Quis escrever um último soneto
E deixar para trás as esperanças
Daquilo que se quer, mas não se alcança;
Daquilo que se diz, mas é secreto.

Suturei as palavras no meu peito,
Mas fui traído pelas circunstâncias:
Se falo, não inspiro confiança;
Se calo, mesmo assim me comprometo.

Então mais um soneto vem-me à pena
No susto de um desejo repentino;
Outros virão, às dúzias de centenas.

Engenho ardente, ainda que mofino!
Outro soneto, a mesma cantilena…
É o coração seguindo seu destino.

§

(de)Primaveril

Quanto mais o tempo passa,
menos a rememorar:

a brasa daquele desejo
derreteu ao relento
nem sequer virou cinza

(chovia uma chuva fina
de límpidas fagulhas).

Quando o sol resolveu brilhar,
era noite outra vez
e pássaros lobotomizados
esqueceram a canção.

Perderam-se os nomes das flores
e, indigente,
a Primavera
vende enfeites de papel crepom.

§

Canção do desamor

Meu amor, não te quero bem.

Não quero teu sorriso desfraldado feito
o Cruzeiro do Sul sobre a Baía
da Guanabara; quero vê-lo
arrastado pelas sarjetas, borrado de cinzas.

Teu olhar, quero-o todo
coagulado de lágrimas,
grossas como cacos de vidro;

e teus cabelos, impregnados de fuligem e orvalho,
feito a coberta dos mendigos
na Praça Princesa Isabel.

Então recolher teu corpo do meio-fio
e cobri-lo de beijos
como se de varíola, e feri-lo
de carícias, e torturá-lo de ternura.

Depois, dissecar teu sexo com a boca seca.

Mas, amor, não te quero bem.

§

Penélope

Da janela deste quarto, o Rio
de Janeiro parece mais sombrio
sob o brilho empalidecido da garoa.

Daqui vejo o mar — mancha que se alastra
devagar, com sua fluorescência
de medusas venenosas e anêmicas anêmonas.

Até mesmo o sol vaga sonâmbulo
pelos céus, à deriva e opaco
feito a íris de um gato morto,
contraindo-se atrás de toneladas de nuvens.
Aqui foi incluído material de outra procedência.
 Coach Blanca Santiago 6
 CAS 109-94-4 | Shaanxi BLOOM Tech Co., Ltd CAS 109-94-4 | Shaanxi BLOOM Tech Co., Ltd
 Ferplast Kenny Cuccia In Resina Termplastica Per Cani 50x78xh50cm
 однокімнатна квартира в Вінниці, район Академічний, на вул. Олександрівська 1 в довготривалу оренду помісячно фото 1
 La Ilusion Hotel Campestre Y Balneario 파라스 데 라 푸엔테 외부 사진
Quem me dera irrompesse agora
uma tempestade, abrupta
e brutal, convulsionando as ondas
num ataque epilético, mas a tarde
mantém-se inerte, anestesiada pela chuva fina.

Não há pessoas na praia.

O hotel está deserto.

Aviões derretem no Santos Dumont.

Checo o celular pela última vez.

A chuva simplesmente se cansou de molhar
e as nuvens vão se diluindo numa luz
âmbar, formando um céu cor de bronze
a pairar muito próximo de nossas cabeças.
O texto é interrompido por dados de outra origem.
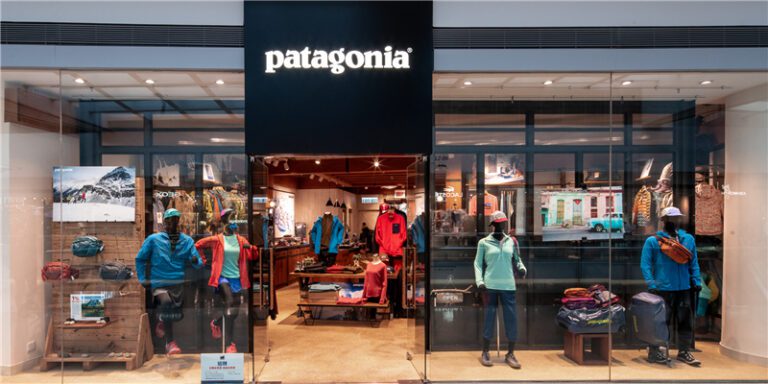 Patagonia Shop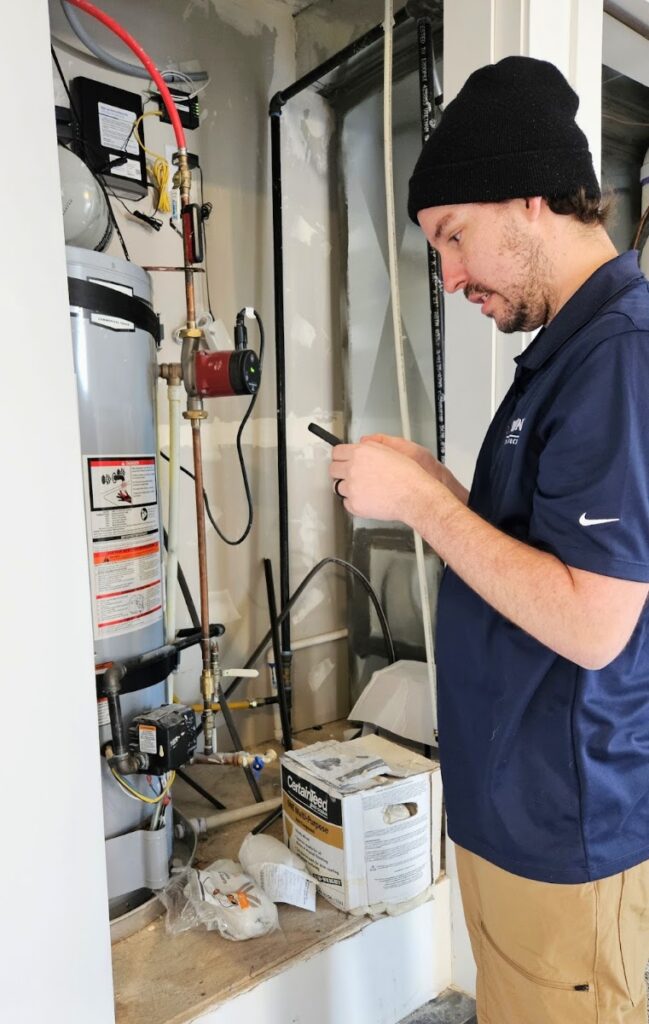 WIN Home Inspection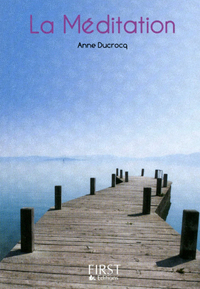 Image de Petit livre de - La méditation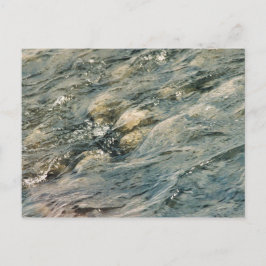 Cartão Postal Pinturas da Natureza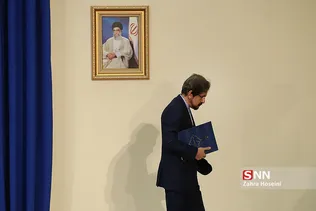 نشست خبری سخنگوی وزارت امور خارجه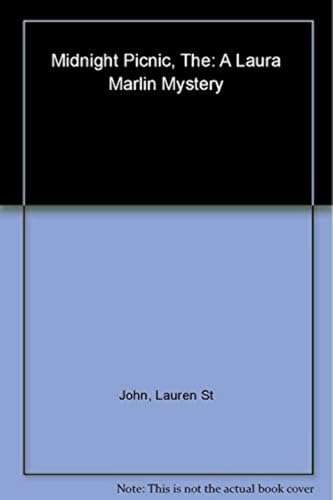 Laura Marlin Mysteries: The Midnight Picnic
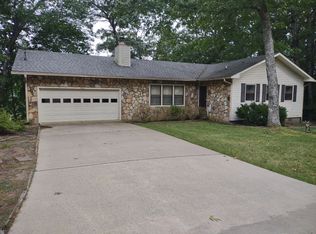 142 Canterbury Dr, Fairfield Glade, TN 38558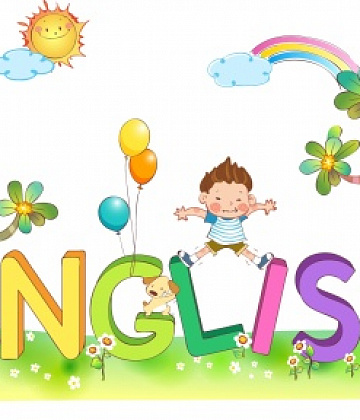 Бесплатные занятия по английскому языку для детей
O sol ensaia um brilho desesperado,
já corroído pela ferrugem e abafado
pela luz disciplinar dos postes elétricos,
dispostos em fileiras, como soldados.

Enquanto o crepúsculo se desfaz na púrpura
espuma de mares noturnos, choro
feito Penélope à espera do marido,
ouvindo o áspero ruído de ondas desmoronando.

Emmanuel Santiago (1984-2026), nasceu em São Lourenço/MG. Foi poeta, crítico literário, tradutor e professor de Literatura. Doutor em Literatura Brasileira pela USP, sua obra incluiu títulos como Pavão bizarro (2014), A ave Lúcifer (2020), A renga do corvo (2023) e O livro dos colibris (2025). Dedicava-se também à crítica literária e à tradução de poetas como William Shakespeare, entre outros.
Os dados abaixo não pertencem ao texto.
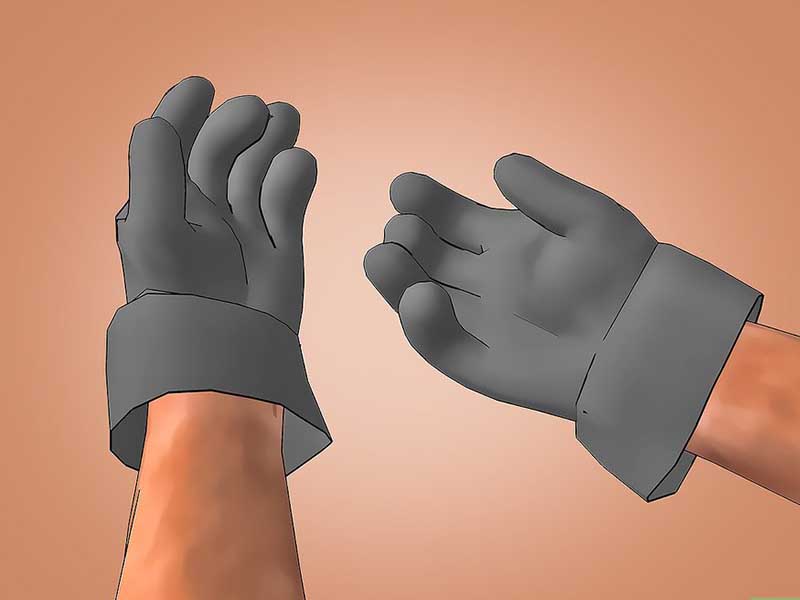 图解8种马桶堵塞疏通方法,马桶堵塞最快的疏通方法矿泉水瓶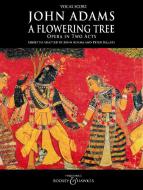 A Flowering Tree 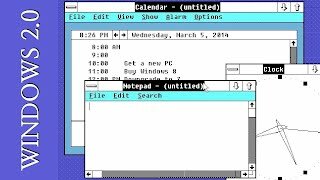 windows 2.0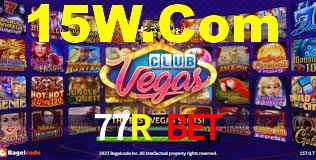 Welcome Bonus 77R Bet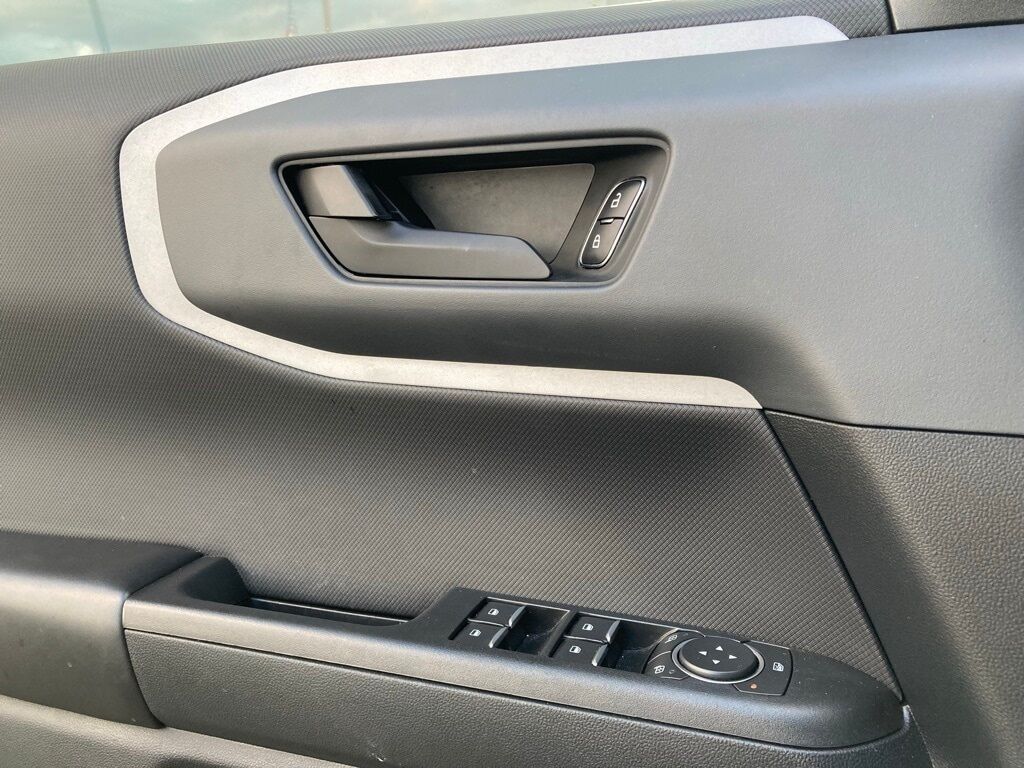 2022 Ford Bronco Sport Big Bend San Antonio TX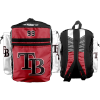 2049 Mojo Diamond Backpack TEAM-BIDNESS-WHITE-RED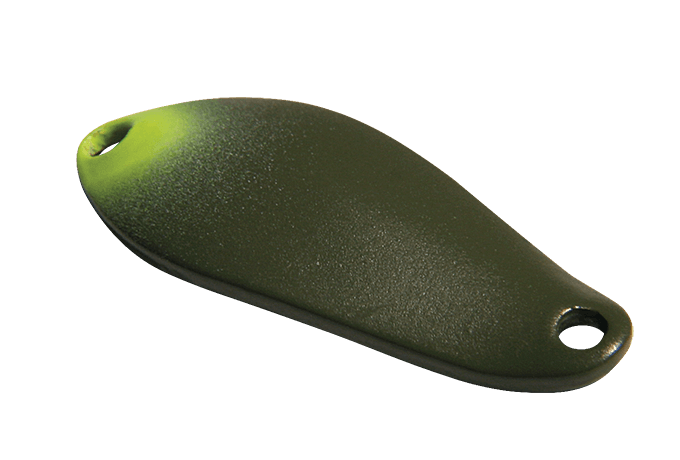 SV Fishing Lures KOKETKA 3.0g 30mm.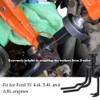 Valve Spring Compressor Tool 6684 Fit for Ford, Compresses Valve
2 comentários sobre “Em memória de Emmanuel Santiago”

  1. Tânia Santos disse:

    Pessoas raras estão cada vez mais caras, ou talvez seja eu que estou cada vez mais rala com a proximidade dos meus 60 anos.
    Meus sentimentos

  2. AUREA GARIBALDI disse:

    Que alegria e dor ao mesmo tempo! Descobrir a poesia de Emmanuel Santiago e sabê-lo já não mais entre nós. E em que dia ele retornou para “the undiscover’d country, from whose bourn no traveller returns”.